## PROBLEM:
Skip the pictures. Output only the lines below starting at the line with "2024 Porsche 911 Carrera" and ending at the line with "de Brazzaville Acheter", both ends included, exactly as they are.

## THE RECORDS:
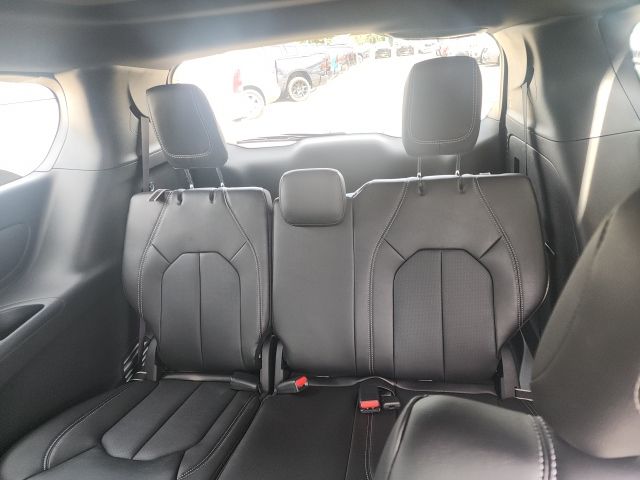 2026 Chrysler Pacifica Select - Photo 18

...

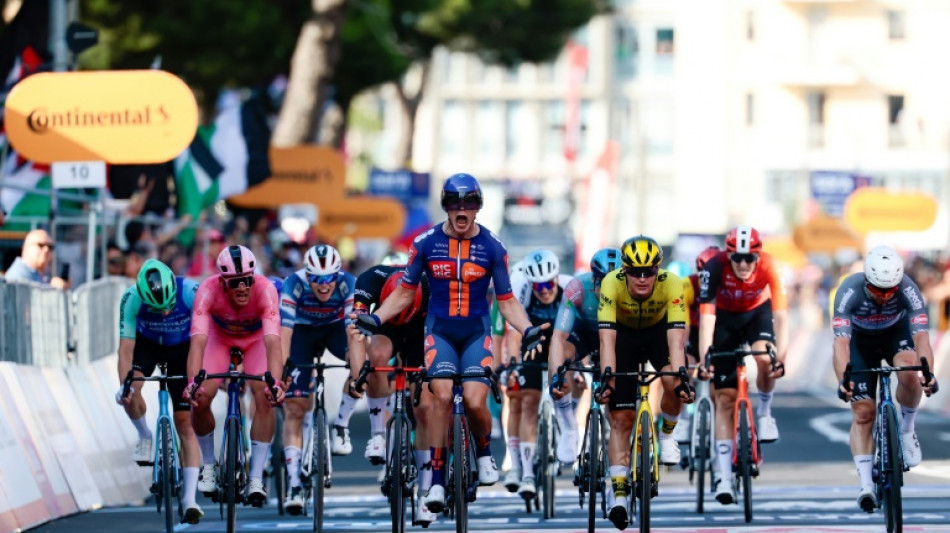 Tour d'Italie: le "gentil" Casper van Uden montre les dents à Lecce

---

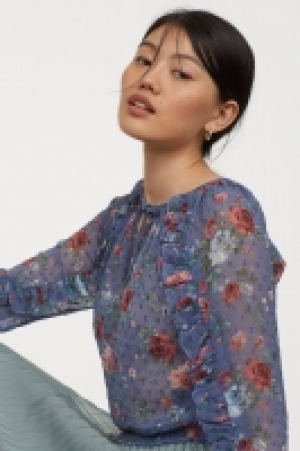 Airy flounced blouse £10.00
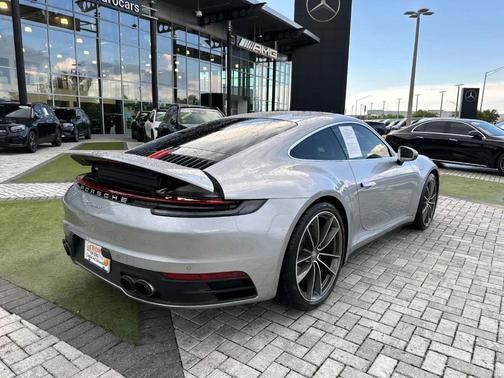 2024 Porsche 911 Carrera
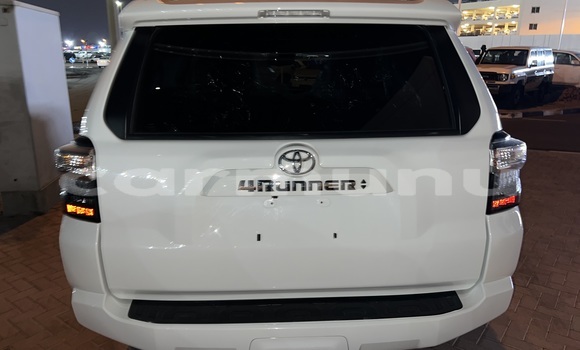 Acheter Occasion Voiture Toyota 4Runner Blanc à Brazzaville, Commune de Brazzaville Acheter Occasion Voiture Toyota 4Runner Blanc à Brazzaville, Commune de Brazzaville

## RESPONSE:
 2024 Porsche 911 Carrera
 Acheter Occasion Voiture Toyota 4Runner Blanc à Brazzaville, Commune de Brazzaville Acheter Occasion Voiture Toyota 4Runner Blanc à Brazzaville, Commune de Brazzaville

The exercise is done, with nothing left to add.